The first big issue she brings up and has lots of evidence for is: Transparency. Lots of Big Data models that we use (and are fed into) on a daily basis, are not transparent. They're opaque equations sitting on a server farm. A teacher being graded on a value added model doesn't know where their score is coming from. A potential hire doesn't know why he failed his psyche evaluation. A criminal standing before judge doesn't know why the score said he'd be more like to return to jail.
This is honestly one of my biggest takeaways, and it hits close to home. When you apply for a credit card, they tell you why you failed to get one. You can access your "data point" and know why you have the FICO score you do. Google and Facebook tell you the metrics they use to serve you ads in their settings. I know that Amazon is trying to get me to buy another wallet even though I just bought a wallet because they showed me five hundred ads for another wallet. But what about those ads that Forbes tries to serve me? The cookies sitting on my computer watching me? I have no ideas what they're doing and not readily known way to find out. What about non-regulated credit systems that exist out there in Web 2.0 land? Bank of America controls for race and tries to stop redlining when they make a new policy, but will Peter Thiel try to do that when he invests in E-Corp? Probably not.

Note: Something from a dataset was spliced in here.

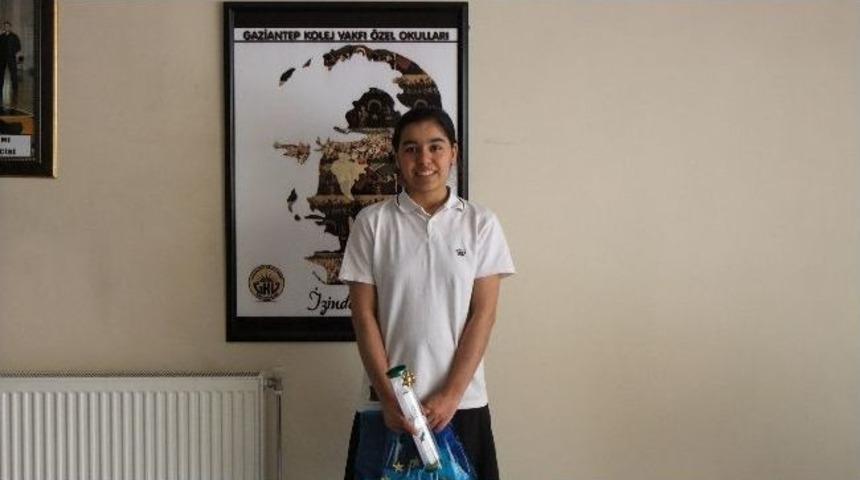 Ab &Ouml;yk&uuml; Yarışması Yine Kolej Vakfının Birinciliği İle Devam Ediyor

The second big problem with some Big Data systems is that they create feedback loops that increase inequality. Here, O'Neil is super weak except when she brings up the criminal justice example- we could be using big data to help keep people out of prison and make programs that lower recidivism, but instead we're using it as a way to keep white people out of prison.... but am I really supposed to believe that ads help make poor people poorer? She brings up for-profit schools using targeted ads to lure immigrants and poor people into massive student debt to make a profit, and, while I admit that's super shady, it's not the targeted ads' fault, is it?
The third problem with these "Weapons of Math destruction" is that they often have skewed data. This is the old line "garbage in, garbage out" except now it's "racist/sexist garbage in, racist/sexist garbage out." For example, if you make a employment system that filters out resumes, than teach it on a bunch of older resumes, you're inputting the bias of those older resumes. So if the guy that was reading those resumes was racist, you might be teaching a racist model.
Technically O'Neil has two other "bad points" about "WMDs" but they're just about scale.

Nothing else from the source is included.